What the task requires
Each line of the material must reappear unchanged in the answer.
Record excerpts START
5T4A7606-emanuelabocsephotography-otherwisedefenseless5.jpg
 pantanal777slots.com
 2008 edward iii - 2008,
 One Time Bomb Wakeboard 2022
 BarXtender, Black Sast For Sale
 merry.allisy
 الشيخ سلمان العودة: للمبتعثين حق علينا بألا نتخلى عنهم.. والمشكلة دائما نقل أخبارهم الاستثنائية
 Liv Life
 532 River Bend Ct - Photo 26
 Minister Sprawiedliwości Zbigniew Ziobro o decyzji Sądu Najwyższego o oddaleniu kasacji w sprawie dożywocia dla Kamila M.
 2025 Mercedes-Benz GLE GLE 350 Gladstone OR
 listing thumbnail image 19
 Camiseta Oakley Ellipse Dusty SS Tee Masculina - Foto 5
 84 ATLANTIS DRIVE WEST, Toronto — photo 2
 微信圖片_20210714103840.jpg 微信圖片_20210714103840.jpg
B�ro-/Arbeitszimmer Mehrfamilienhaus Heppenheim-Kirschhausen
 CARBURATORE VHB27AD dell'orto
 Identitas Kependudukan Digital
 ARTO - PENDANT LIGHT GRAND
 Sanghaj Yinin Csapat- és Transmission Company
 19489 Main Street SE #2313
Record excerpts END
Result of the exercise
5T4A7606-emanuelabocsephotography-otherwisedefenseless5.jpg
 pantanal777slots.com
 2008 edward iii - 2008,
 One Time Bomb Wakeboard 2022
 BarXtender, Black Sast For Sale
 merry.allisy
 الشيخ سلمان العودة: للمبتعثين حق علينا بألا نتخلى عنهم.. والمشكلة دائما نقل أخبارهم الاستثنائية
 Liv Life
 532 River Bend Ct - Photo 26
 Minister Sprawiedliwości Zbigniew Ziobro o decyzji Sądu Najwyższego o oddaleniu kasacji w sprawie dożywocia dla Kamila M.
 2025 Mercedes-Benz GLE GLE 350 Gladstone OR
 listing thumbnail image 19
 Camiseta Oakley Ellipse Dusty SS Tee Masculina - Foto 5
 84 ATLANTIS DRIVE WEST, Toronto — photo 2
 微信圖片_20210714103840.jpg 微信圖片_20210714103840.jpg
B�ro-/Arbeitszimmer Mehrfamilienhaus Heppenheim-Kirschhausen
 CARBURATORE VHB27AD dell'orto
 Identitas Kependudukan Digital
 ARTO - PENDANT LIGHT GRAND
 Sanghaj Yinin Csapat- és Transmission Company
 19489 Main Street SE #2313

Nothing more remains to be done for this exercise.